▸ Problem requirements: Please print out the entries below unchanged and skip the images.

Collected data entries:
——

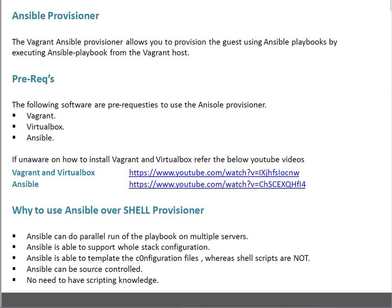Ansible can be source controlled — that's another benefit. If you're using Shell Provisioner and you want to do something big, like configuring a LAMP stack, you have to learn scripting. But if you're using Ansible Provisioner, you don't need to learn any scripting language. You just need to know YAML formatting and write the modules, basically tasks — which particular module you want to use, what is your end goal — that's it. For Ansible, there is no scripting knowledge required. That's a big benefit.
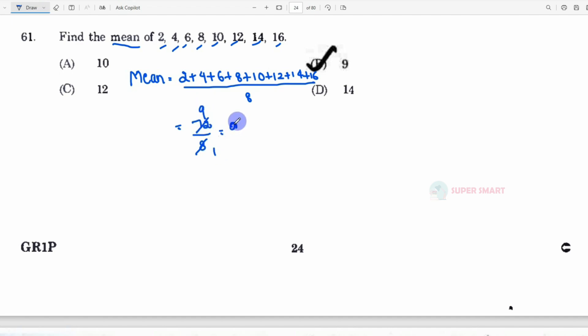So the answer is 9. Option B is correct. For average, we add the numbers and divide by the count. Next, we will see the next question in the next video.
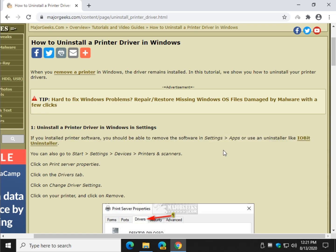There you have it. How to uninstall a print driver in Windows 10. Look at me go. All right. Bottom right corner, MajorGeeks logo. You click on that, you subscribe. If we helped you out we'd appreciate that and we appreciate you watching. See ya.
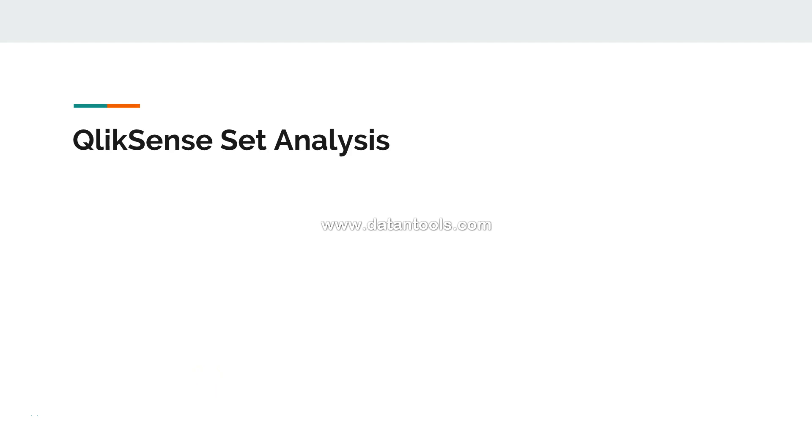Hi there, welcome to the next video. In this video we will start a very important topic within QlikSense, which is set analysis. Set analysis is one of the very important and frequently used expressions that you use in the front end.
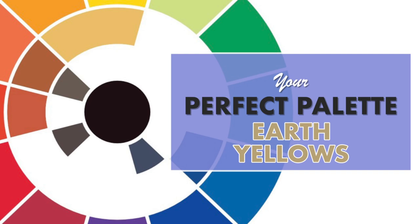Hello and welcome to my YouTube channel. In today's episode of Your Perfect Palette, we'll be discussing the benefits of adding earth yellow watercolor paint to your palette. This warm, rich hue is a versatile color that can be used to add depth and character to your paintings.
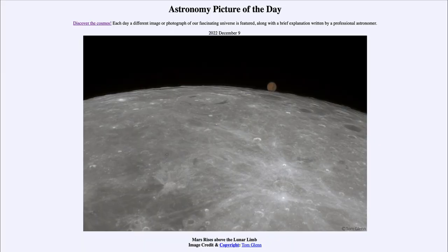Greetings and welcome to the introduction to astronomy. One of the things I like to do in each of my introductory astronomy classes is to begin with the Astronomy Picture of the Day from the NASA website — that is apod.nasa.gov/apod. Today's picture for December 9th, 2022 is titled 'Mars Rises Above the Lunar Limb.'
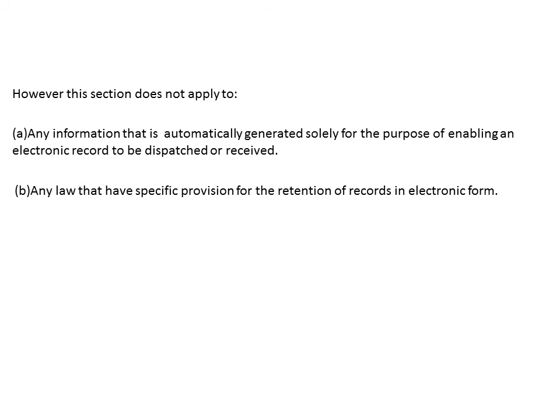Though these two points are not mandatory, you can write them to impress the examiner. Exemptions: First, any information that is automatically generated solely for the purpose of enabling an electronic record to be dispatched or received. Second, the section will not apply to any law that has a specific provision for retention of records in electronic form.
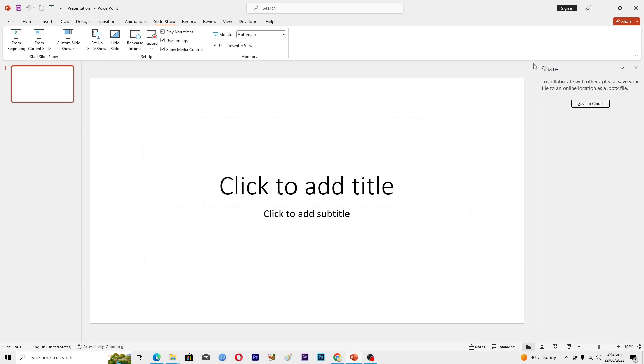Now you have to save your presentation into an online location. You can save it in Google Drive if you have a Drive, or you can save it into a OneDrive account as well.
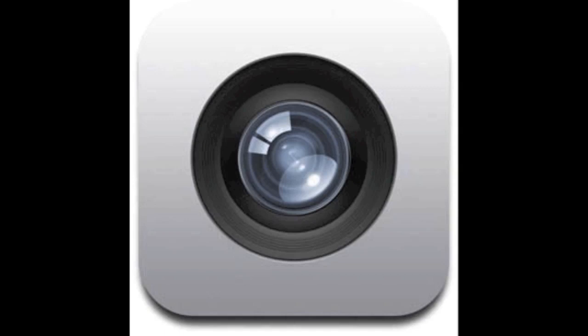And the cool thing is you can actually use the volume up button as your picture taking button.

——

▸ Result below:
Ansible can be source controlled — that's another benefit. If you're using Shell Provisioner and you want to do something big, like configuring a LAMP stack, you have to learn scripting. But if you're using Ansible Provisioner, you don't need to learn any scripting language. You just need to know YAML formatting and write the modules, basically tasks — which particular module you want to use, what is your end goal — that's it. For Ansible, there is no scripting knowledge required. That's a big benefit.
So the answer is 9. Option B is correct. For average, we add the numbers and divide by the count. Next, we will see the next question in the next video.
There you have it. How to uninstall a print driver in Windows 10. Look at me go. All right. Bottom right corner, MajorGeeks logo. You click on that, you subscribe. If we helped you out we'd appreciate that and we appreciate you watching. See ya.
Hi there, welcome to the next video. In this video we will start a very important topic within QlikSense, which is set analysis. Set analysis is one of the very important and frequently used expressions that you use in the front end.
Hello and welcome to my YouTube channel. In today's episode of Your Perfect Palette, we'll be discussing the benefits of adding earth yellow watercolor paint to your palette. This warm, rich hue is a versatile color that can be used to add depth and character to your paintings.
Greetings and welcome to the introduction to astronomy. One of the things I like to do in each of my introductory astronomy classes is to begin with the Astronomy Picture of the Day from the NASA website — that is apod.nasa.gov/apod. Today's picture for December 9th, 2022 is titled 'Mars Rises Above the Lunar Limb.'
Though these two points are not mandatory, you can write them to impress the examiner. Exemptions: First, any information that is automatically generated solely for the purpose of enabling an electronic record to be dispatched or received. Second, the section will not apply to any law that has a specific provision for retention of records in electronic form.
Now you have to save your presentation into an online location. You can save it in Google Drive if you have a Drive, or you can save it into a OneDrive account as well.
And the cool thing is you can actually use the volume up button as your picture taking button.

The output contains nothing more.